The police have an organisation dedicated to support them even when they do wrong. Who is there to support our youth? I was pleased to see the article by Danville Walker in The Gleaner last Sunday, where he pointed out the Apartheid in Jamaica's education system. I have been writing about this for almost a decade now. With taxpayers money the Jamaican government supports high-quality education for a minority such as I received at Campion College in the 1960s, and lower quality education for the majority such as those lying in the coffins before me last Sunday received. Do you see any connection?

Both my wife and I are former teachers, who took our jobs seriously, and on our way home after the funeral we lamented at how these boys and so many others have fallen through the cracks of our education system. The school is not a substitute for the home, but at present, the number of failures and dropouts is a portent of unrealised potential and missed opportunity.

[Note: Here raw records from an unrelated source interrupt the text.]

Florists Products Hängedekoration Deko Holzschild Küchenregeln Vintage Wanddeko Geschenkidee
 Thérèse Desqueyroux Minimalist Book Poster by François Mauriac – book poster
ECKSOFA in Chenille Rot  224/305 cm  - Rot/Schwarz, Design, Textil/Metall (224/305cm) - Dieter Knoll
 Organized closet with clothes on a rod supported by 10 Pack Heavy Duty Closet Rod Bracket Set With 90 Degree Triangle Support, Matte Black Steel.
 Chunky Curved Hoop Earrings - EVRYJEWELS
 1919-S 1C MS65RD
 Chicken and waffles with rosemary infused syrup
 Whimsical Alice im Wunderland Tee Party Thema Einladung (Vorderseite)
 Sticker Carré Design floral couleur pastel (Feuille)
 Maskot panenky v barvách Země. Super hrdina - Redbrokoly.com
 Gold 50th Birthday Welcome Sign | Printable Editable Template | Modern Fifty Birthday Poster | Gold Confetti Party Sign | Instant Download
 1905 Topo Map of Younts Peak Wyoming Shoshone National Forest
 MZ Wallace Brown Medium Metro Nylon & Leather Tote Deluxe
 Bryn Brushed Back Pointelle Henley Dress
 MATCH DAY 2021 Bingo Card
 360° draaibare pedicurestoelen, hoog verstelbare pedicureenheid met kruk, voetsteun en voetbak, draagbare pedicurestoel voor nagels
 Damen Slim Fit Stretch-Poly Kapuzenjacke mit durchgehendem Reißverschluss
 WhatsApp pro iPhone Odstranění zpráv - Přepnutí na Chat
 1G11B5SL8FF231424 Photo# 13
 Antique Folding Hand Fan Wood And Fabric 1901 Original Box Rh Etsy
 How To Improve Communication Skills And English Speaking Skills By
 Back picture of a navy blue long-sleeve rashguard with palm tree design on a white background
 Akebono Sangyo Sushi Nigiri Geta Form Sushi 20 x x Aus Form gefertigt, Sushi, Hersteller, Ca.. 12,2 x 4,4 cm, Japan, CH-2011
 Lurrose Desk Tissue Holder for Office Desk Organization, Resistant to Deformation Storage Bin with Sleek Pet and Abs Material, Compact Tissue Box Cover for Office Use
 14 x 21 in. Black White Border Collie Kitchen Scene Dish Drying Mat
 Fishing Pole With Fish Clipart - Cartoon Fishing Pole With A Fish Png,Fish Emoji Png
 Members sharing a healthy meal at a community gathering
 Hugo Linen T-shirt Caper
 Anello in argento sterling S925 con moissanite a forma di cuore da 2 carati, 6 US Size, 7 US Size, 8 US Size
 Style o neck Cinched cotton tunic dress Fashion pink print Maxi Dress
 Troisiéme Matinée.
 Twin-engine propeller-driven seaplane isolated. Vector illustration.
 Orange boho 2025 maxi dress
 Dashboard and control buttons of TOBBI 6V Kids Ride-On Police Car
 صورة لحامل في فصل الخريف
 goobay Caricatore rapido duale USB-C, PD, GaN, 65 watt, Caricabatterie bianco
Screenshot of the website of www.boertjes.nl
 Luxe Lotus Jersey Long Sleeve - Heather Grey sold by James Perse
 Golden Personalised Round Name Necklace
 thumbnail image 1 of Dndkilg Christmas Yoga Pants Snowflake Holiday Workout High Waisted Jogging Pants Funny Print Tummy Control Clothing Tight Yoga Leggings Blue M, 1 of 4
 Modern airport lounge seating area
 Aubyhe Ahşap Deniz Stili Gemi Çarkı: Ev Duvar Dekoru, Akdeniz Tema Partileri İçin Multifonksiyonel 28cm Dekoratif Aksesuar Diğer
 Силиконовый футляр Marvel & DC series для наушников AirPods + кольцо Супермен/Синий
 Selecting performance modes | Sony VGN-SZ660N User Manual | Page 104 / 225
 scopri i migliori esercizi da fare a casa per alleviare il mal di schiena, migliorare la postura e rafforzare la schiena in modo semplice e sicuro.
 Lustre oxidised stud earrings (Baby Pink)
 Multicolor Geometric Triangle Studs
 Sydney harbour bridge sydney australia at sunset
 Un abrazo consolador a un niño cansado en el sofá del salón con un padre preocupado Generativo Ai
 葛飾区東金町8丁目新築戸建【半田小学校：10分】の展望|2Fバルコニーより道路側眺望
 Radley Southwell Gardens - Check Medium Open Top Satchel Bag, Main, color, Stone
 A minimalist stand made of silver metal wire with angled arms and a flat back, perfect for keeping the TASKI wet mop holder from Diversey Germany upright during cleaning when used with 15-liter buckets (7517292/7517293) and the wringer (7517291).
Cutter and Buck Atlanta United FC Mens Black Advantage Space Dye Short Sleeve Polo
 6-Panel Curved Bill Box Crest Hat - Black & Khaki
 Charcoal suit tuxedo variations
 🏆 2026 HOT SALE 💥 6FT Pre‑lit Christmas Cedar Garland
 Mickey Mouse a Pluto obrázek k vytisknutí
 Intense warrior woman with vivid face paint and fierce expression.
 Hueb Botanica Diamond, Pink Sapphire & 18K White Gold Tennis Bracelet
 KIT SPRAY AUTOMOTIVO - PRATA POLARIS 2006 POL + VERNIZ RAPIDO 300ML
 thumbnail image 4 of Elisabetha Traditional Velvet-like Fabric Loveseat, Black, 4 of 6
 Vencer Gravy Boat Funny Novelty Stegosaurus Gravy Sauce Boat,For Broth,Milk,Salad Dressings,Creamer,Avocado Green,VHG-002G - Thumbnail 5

One reason Jamaica is under-producing and under-achieving is because we are wasting our human capital at an alarming rate. This failure must not be laid only at the feet of the teachers and the Ministry of Education, but also squarely at the feet of families and of the private sector and of the Church.

A mistake was made at Braeton; we know that now; the boys did not have to die. A cover-up is under way greater than the attempt by the undertakers, with the same result. And this summer thousands of young men and women will graduate from schools across this land without realising a small fraction of their potential as human beings, as producers, as citizens. What a tragedy it all is!

Rev. Peter Espeut is a Deacon of the Roman Catholic Church assigned to the Church of the Good Shepherd, Braeton, St. Catherine.